We’ve discussed the history and covered the basic elements of what makes a high neck top and how they can be used/worn, but there’s also the subjective element of taste and the fashions brought about by different preferences. In short, style darling.
Sleek silhouette – this is in my opinion is ultimately the look that high neck tops help create. They smoothen the body shape and give an almost all-in-one flow between the upper and lower body whether wearing a skirt or trousers, for everybody regardless of sex or gender. Instead of the body being cut in half by a loose top or shirt the length is preserved more with a high neck top and the effect is one of sleekness. When combined with classic Black the illusion of length and slenderness is intensified even when worn with a belt. Those two qualities may not be particularly desired by the wearer though and the effect varies per person but it is noticeable so if you don’t want to look like a stereotypical cat burglar nor perhaps too thin or elongated but still want the sleek effect you can always opt for classic White (including any of the Whitish shades) 🙂
Sweater girl – the above effect can be seductive and that led to a phase in US history which is currently being re-played by many worldwide and is known as the ‘sweater girl’. It’s all about contours. When a tight fitting or figure hugging high neck top is worn the silhouette can be accentuated where the fabric being a second skin is suggestive and perhaps flirty. Originally the sweater girl was not an overtly sexual image but that quickly changed. This phase in fashion’s circular history is usually accompanied with short button up cardigans and boleros/shrugs and commonly with soft fabrics which help add to the ‘cute yet appropriate’ or ‘cute and wanting to touch’ effect. Many men have caught on to this style too, wearing high necked tops to show off their physique particularly if they have developed musculature with trim waists.
Tight or loose necked tops – tighter necked looks smarter when made of a thinner fabric rather than thick fabric which can make it look like the wearer is being strangled. High neck tops with loose necks tend to be of thicker fabric to allow for layering underneath but when loose necks are combined with thin fabrics it’s usually so that the neck isn’t folded over but left to sit/fall in a wavy/curvy shape giving an informal appearance.
Even cowl neck tops (uh-oh another one – cowl necks are tops with very loose/draped collars that usually sit below the collar bones and sometimes sitting on the very edge of the shoulders) can be pulled up and pinned behind the neck for a high neck look and then released back to their original style when/if necessary.
Preppy – this term means a lot of things to different people. In my opinion it generally means smartly/well dressed in an ode to school uniform and involves visible layering. Most wearers tend to be students and young adults as older adults with the same dress sense tend to be thought of as product of the ‘old boy’s network’. ‘Preppy’ is similar to ‘dapper’ as both sets of subscribers have a level of regimentation and uniform rules historically ascribed to them by their class and even though both have shed those shackles to an extent by opening the doors (or having them pushed open) to the lower classes and doing away with the dependency on a high budget, ‘dapper’ allows more personal flair and ‘preppy’ is more associated with being conservatively appropriate.

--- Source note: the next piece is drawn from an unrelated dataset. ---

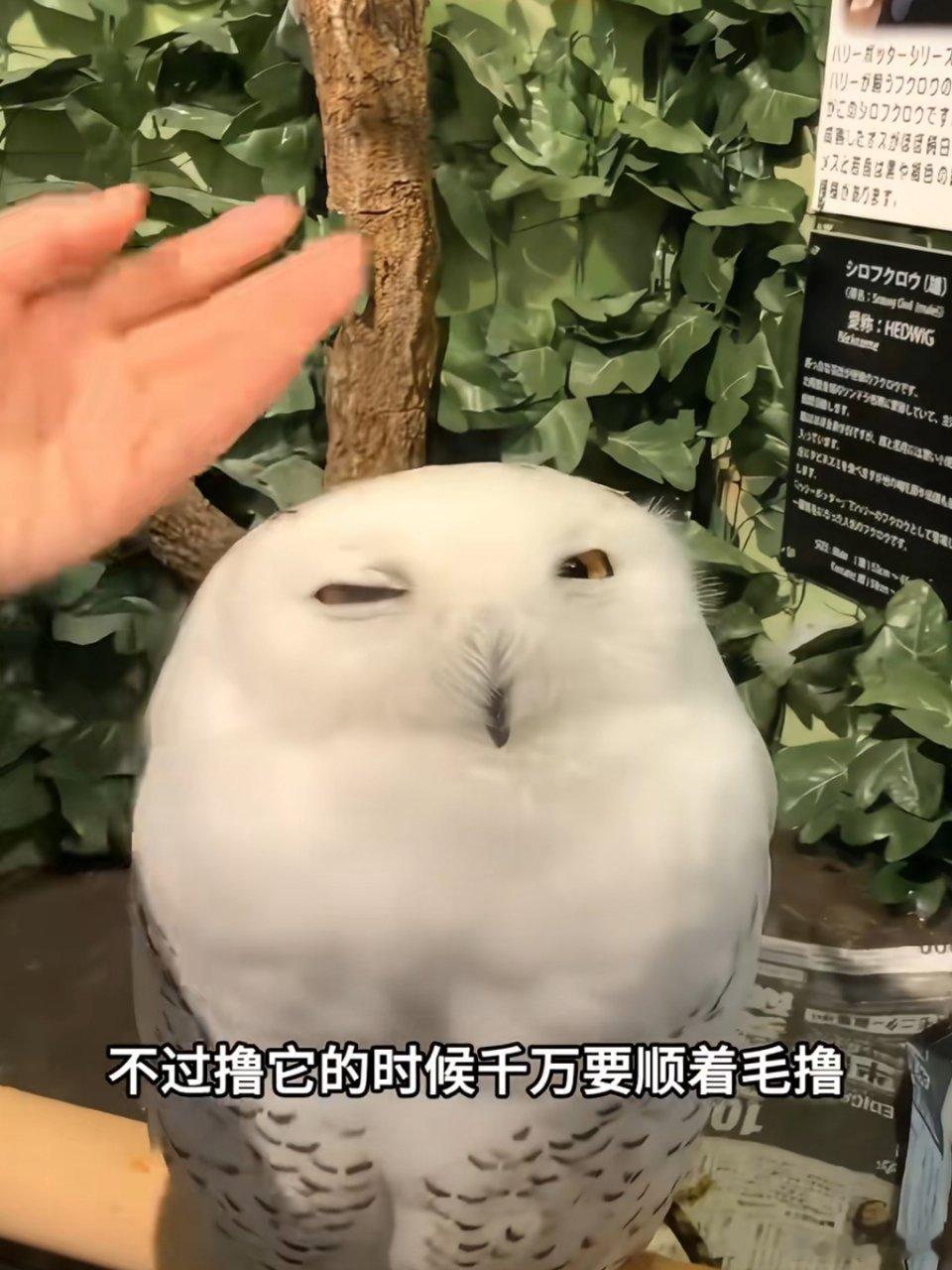 我觉得猫头鹰笑起来好猥琐啊 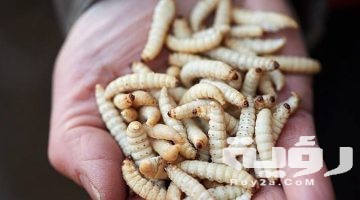 حلمت اني يخرج من جسمي دود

How do high neck tops fit into this? Well again it’s about freedom of movement and preference, no matter how much people want to fit into groups or feel obligated they still need to know they have some say and when high neck tops became socially acceptable for the original dapper and preppy folk and their elders they became a way of showing that people could still look smart and formal without so many frills, it was the difference between old and new. Additionally since layering is important to looking preppy (think tank tops and sweater sets) the high neck top fits right in and they can substitute for scarves if not too cold or sit underneath them if necessary.
Underwear and sportswear as overwear – I remember seeing an awards show either in the late eighties or early nineties where I was surprised to see actresses wearing slips as dresses and that marked the end for many in the modern Western world to petticoats, dress slips and underwear layers in general for everyday purposes. That renaissance had already come and gone for high neck tops by then but the extent to which they would push the boundaries of underwear to overwear hadn’t stalled.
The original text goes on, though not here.